ARGUVAN HABER

KONTEYNER KENTLERDEKİ AMAÇ ALEVİ ASİMİLASYONU MU

DÜNYA

AKP hükümetinin, gerek sinsi yöntemlerle yeni göç dalgaları tetikleyerek, gerek tepeden inme İslamlaştırma/muhafazakarlaştırma politikalarıyla açıktan asimile ederek Anadolu’yu Alevisizleştirme çabalarını kabul edilemez buluyor ve şiddetle kınıyoruz.

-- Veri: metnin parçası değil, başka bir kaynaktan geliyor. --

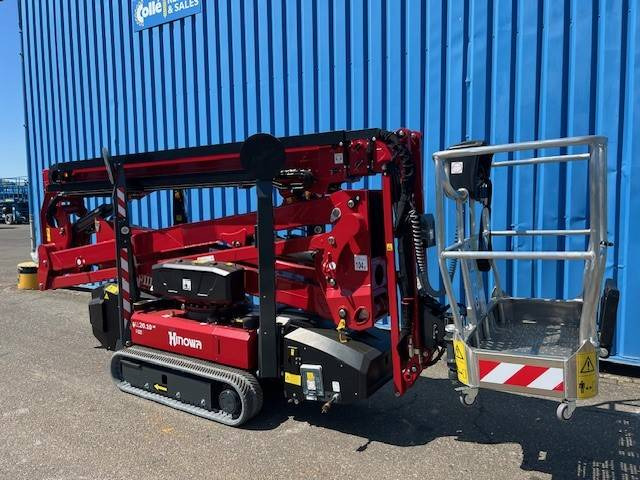 Hinowa LL 20.10 MK3 Bi Energy | 2025 - Коленчатый подъемник: фото 2 Hinowa LL 20.10 MK3 Bi Energy | 2025 - Коленчатый подъемник: фото 2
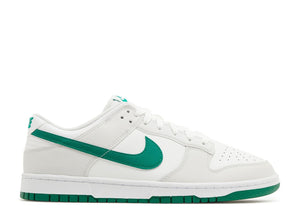 Nike Dunk Low Retro Summit White Malachite (9865579462983)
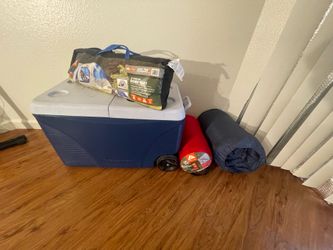 Camping gear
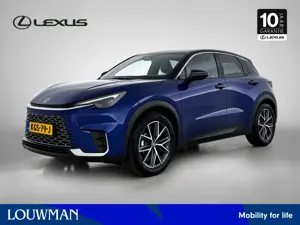 Lexus LBX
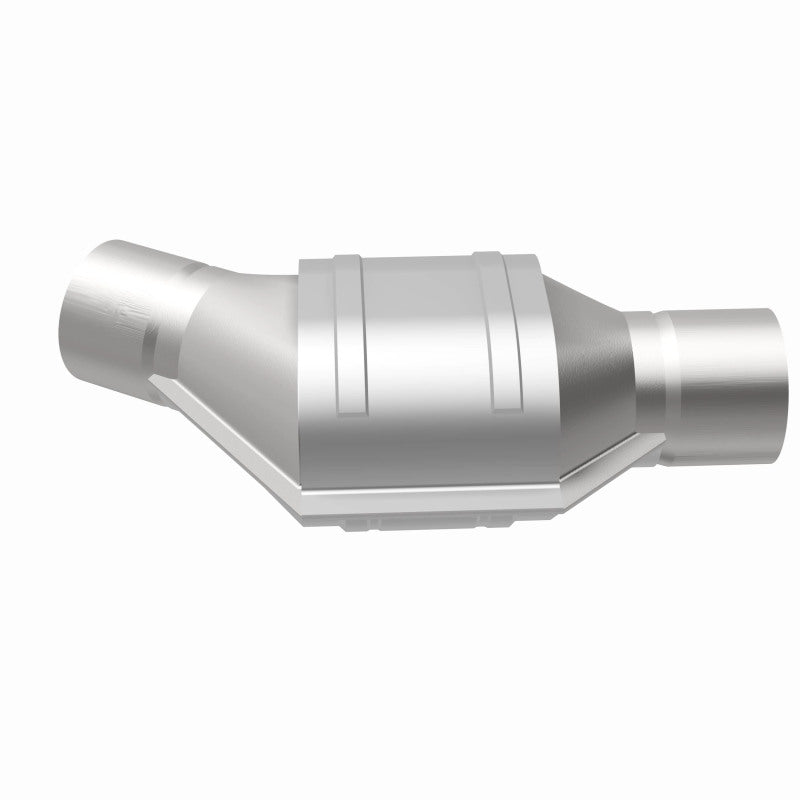 Magnaflow 51175 MagnaFlow Conv Universal 2.25 Angled Inlet OEM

Hükümetten Alevileri hedef alan tüm mezhepçi ve asimilasyoncu politikalarına bir an önce son vermesini istiyoruz.

"Hükümetten Alevileri hedef alan tüm mezhepçi ve asimilasyoncu politikalarına bir an önce son vermesini istiyoruz"
Aralarında Amerika Pir Sultan Abdal Kültür Derneği, Orta Batı Amerika Alevi Kültür Merkezi ve Kanada Alevi Kültür Merkezi'nin de bulunduğu Kuzey Amerika’daki Alevi dernekleri ortak bir basın açıklaması yaparak "AKP hükümetinin, Suriyeli mültecilerin dramını Alevilere karşı demografik bir silah olarak kullanmasını şiddetle kınıyoruz"
 dedi.
Suriyeli mülteciler için yapılan konteynır kentlerin "mezhepçi bir art niyet taşıdığının"
 öne sürüldüğü açıklamada "AKP hükümetine, Maraş-Pazarcık’taki konteynır kent inşaatını derhal durdurması ve diğer Alevi yerleşim bölgeleri için yapılan benzer planları iptal etmesi çağrısında bulunuyor ve hükümetten Alevileri hedef alan tüm mezhepçi ve asimilasyoncu politikalarına bir an önce son vermesini istiyoruz" denildi.
İşte o açıklama:

Aşağıda biz imzası olan dernek ve grupların Kuzey Amerika’nın çeşitli yerlerinde yaşayan üyeleri olarak, AKP hükümetinin Anadolu’da sayıları zaten azalmış Alevi yerleşim yerlerinde Suriyeli mülteciler için konteynır kentler kurma planlarından derin endişe duymaktayız. Mezhepçi bir art niyet taşıdığına inandığımız bu projeler, ilgili bölgelerde demografik ve kültürel bir dönüşümün önünü açmak suretiyle orta-uzun vadede Anadolu kırsalındaki Alevileri yerlerinden edecek ve kutsal mekanlarını içeren tarihsel coğrafyalarından koparacaktır. 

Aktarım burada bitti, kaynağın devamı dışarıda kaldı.